■ Dataset records:
____
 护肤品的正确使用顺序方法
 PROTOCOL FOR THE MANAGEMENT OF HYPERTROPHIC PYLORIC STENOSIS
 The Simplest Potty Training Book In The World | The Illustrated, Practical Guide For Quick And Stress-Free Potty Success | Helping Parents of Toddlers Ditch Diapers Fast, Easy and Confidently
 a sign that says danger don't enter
____
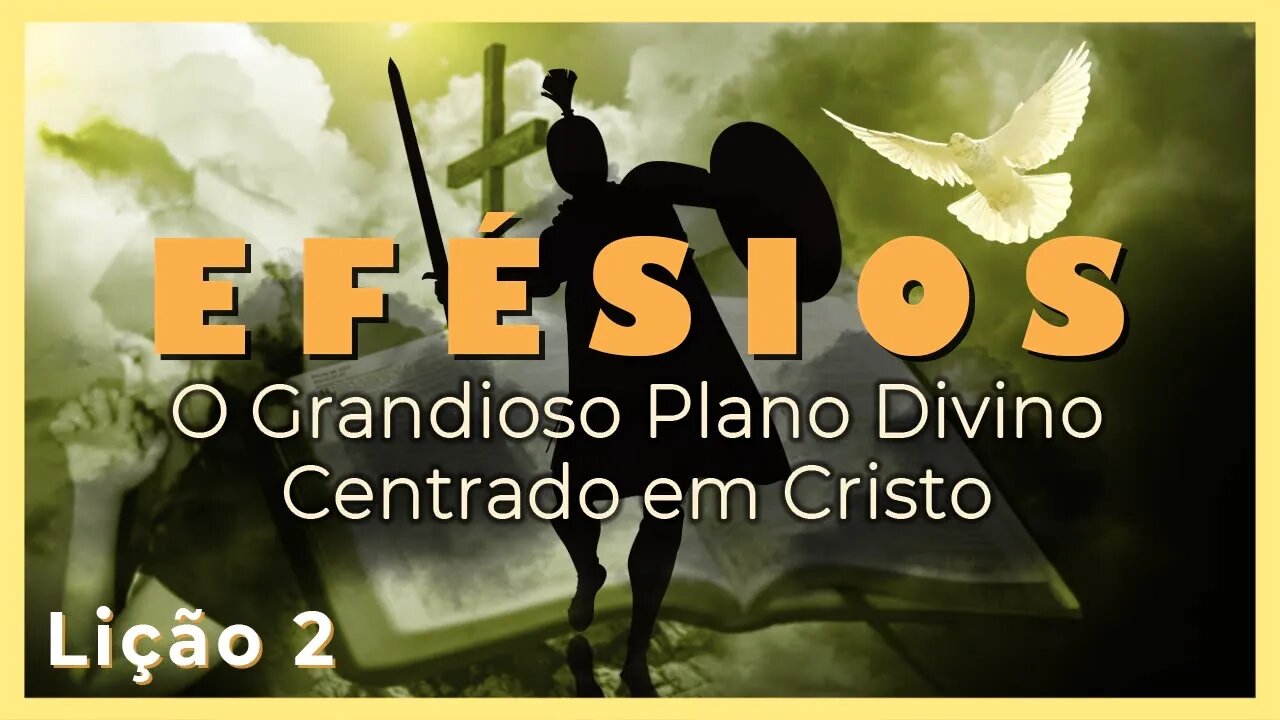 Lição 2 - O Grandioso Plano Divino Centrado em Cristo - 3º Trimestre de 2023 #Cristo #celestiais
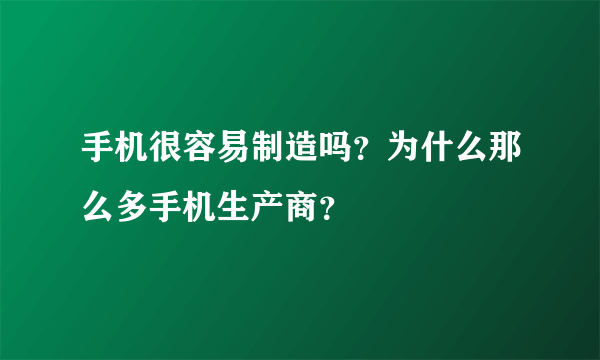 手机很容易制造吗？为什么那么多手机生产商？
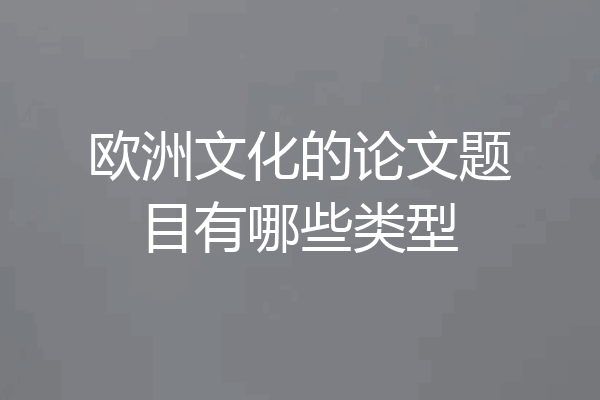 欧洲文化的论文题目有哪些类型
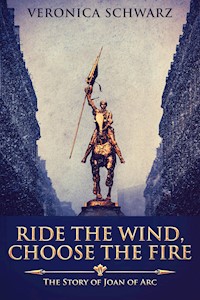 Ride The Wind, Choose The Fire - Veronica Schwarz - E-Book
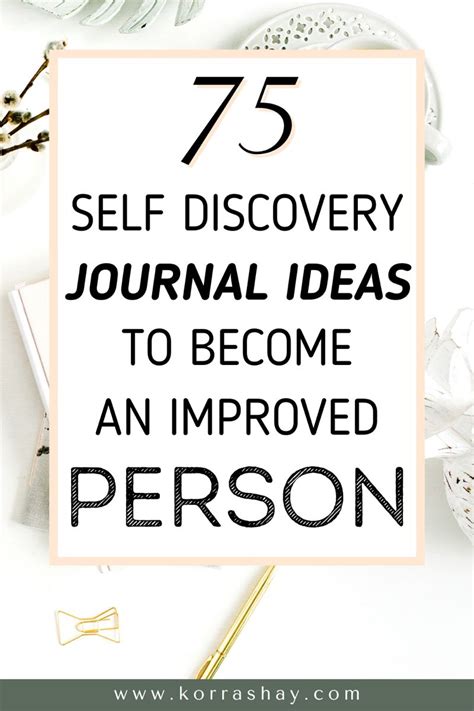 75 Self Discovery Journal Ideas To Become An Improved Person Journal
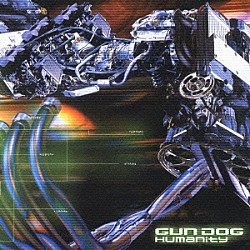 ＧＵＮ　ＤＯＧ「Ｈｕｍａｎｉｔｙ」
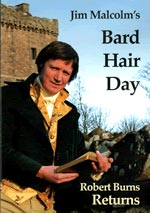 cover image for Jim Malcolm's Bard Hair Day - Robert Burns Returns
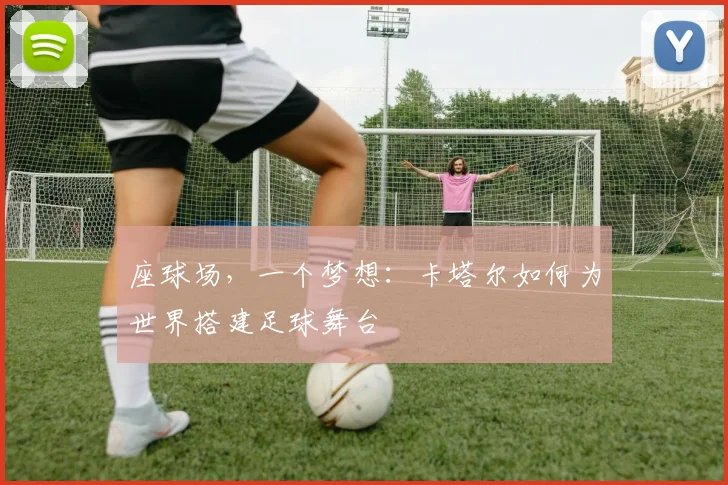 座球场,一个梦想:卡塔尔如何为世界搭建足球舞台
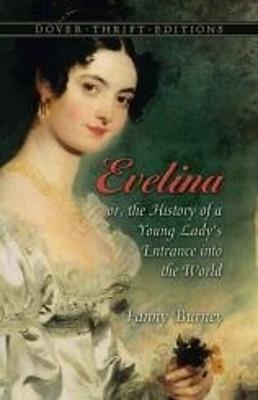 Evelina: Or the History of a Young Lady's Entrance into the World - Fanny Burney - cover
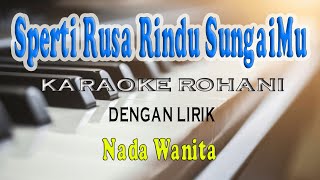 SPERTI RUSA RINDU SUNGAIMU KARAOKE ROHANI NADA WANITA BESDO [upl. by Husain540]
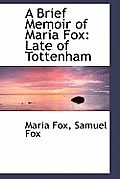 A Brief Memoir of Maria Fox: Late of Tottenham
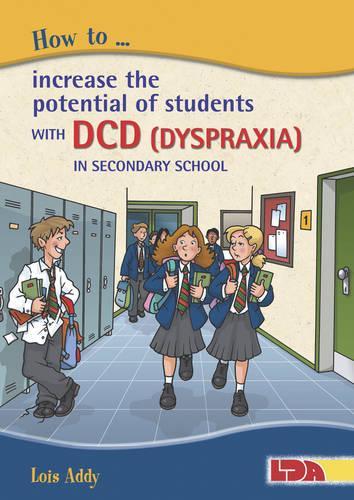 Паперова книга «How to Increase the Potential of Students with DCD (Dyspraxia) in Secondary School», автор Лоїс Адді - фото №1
____
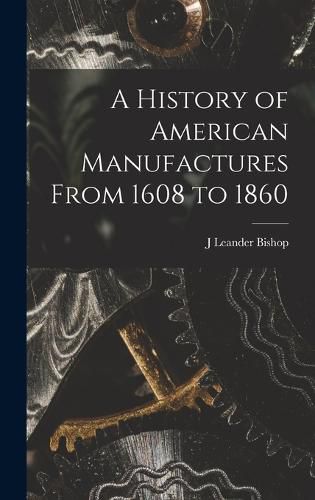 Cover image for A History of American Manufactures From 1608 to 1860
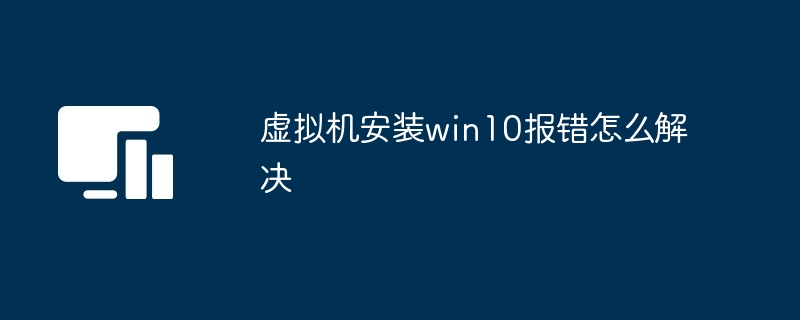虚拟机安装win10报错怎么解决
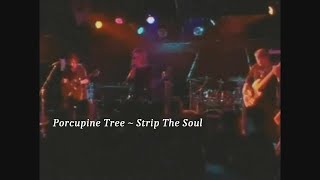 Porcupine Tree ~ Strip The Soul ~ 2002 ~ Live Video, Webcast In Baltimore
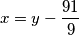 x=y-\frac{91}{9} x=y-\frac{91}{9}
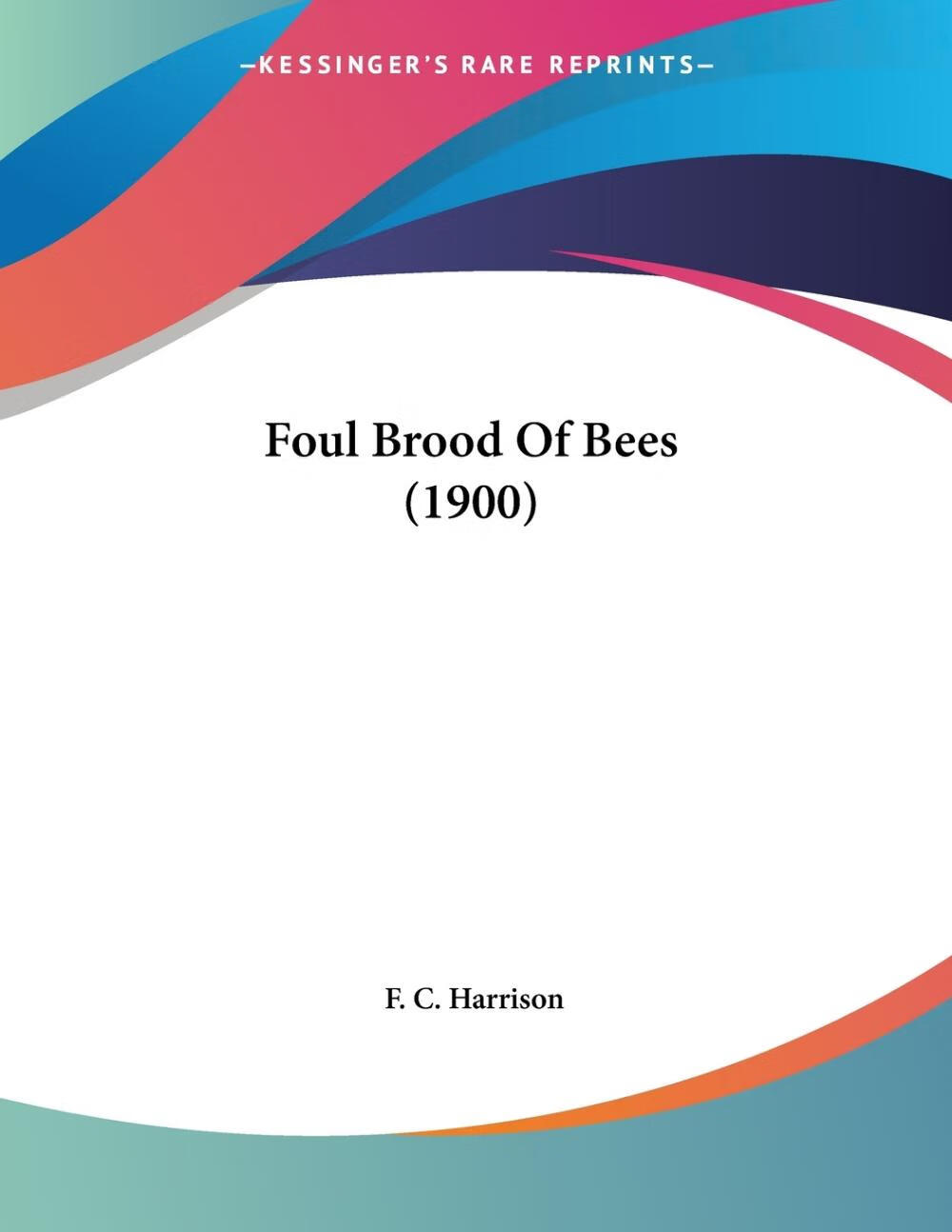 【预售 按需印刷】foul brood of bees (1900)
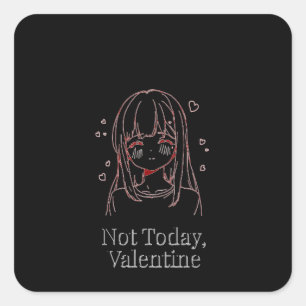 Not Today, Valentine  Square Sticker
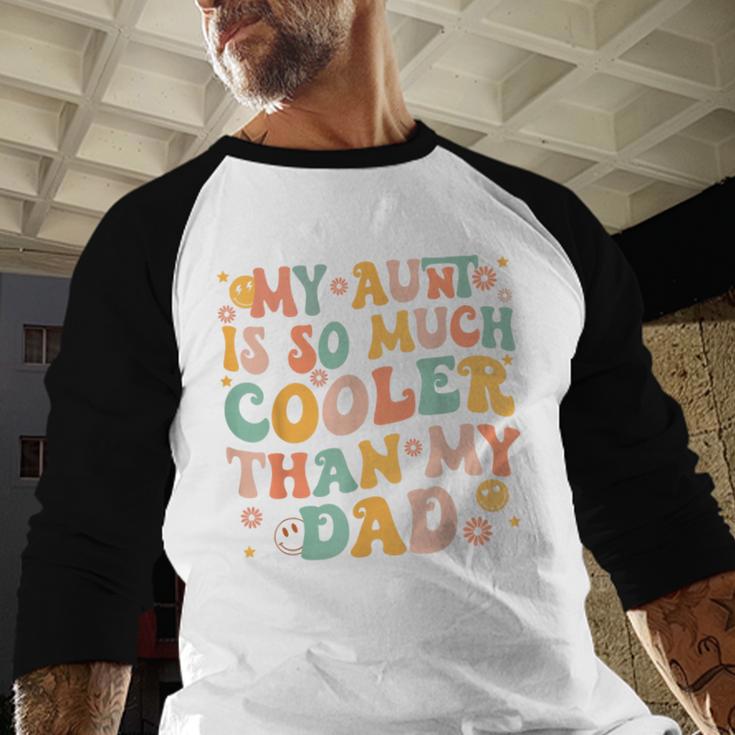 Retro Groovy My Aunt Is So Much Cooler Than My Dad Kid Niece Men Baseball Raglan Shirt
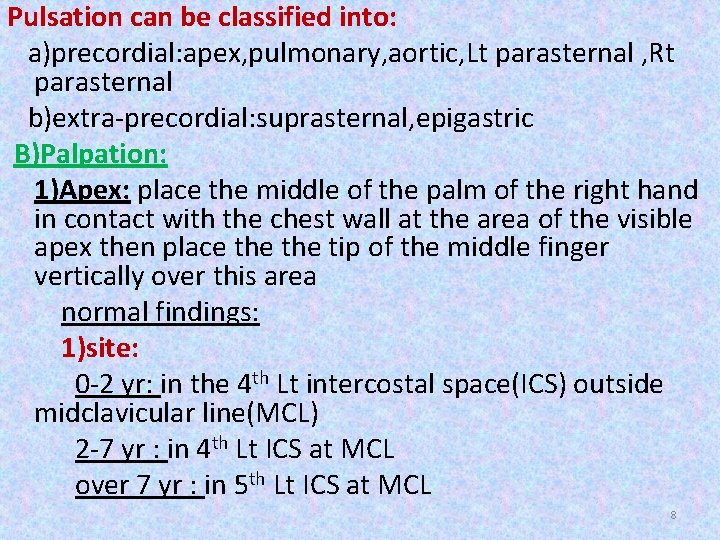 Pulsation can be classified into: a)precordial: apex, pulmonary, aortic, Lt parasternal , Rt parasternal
____
■ Problem requirements:
Of all the material above, only the lines from the one that has "SPERTI RUSA RINDU" down to the one that has "Адді - фото №1" are to be written out, exactly and with both ends included. Pictures are skipped.

■ Answer box:
 SPERTI RUSA RINDU SUNGAIMU KARAOKE ROHANI NADA WANITA BESDO [upl. by Husain540]
 A Brief Memoir of Maria Fox: Late of Tottenham
 Паперова книга «How to Increase the Potential of Students with DCD (Dyspraxia) in Secondary School», автор Лоїс Адді - фото №1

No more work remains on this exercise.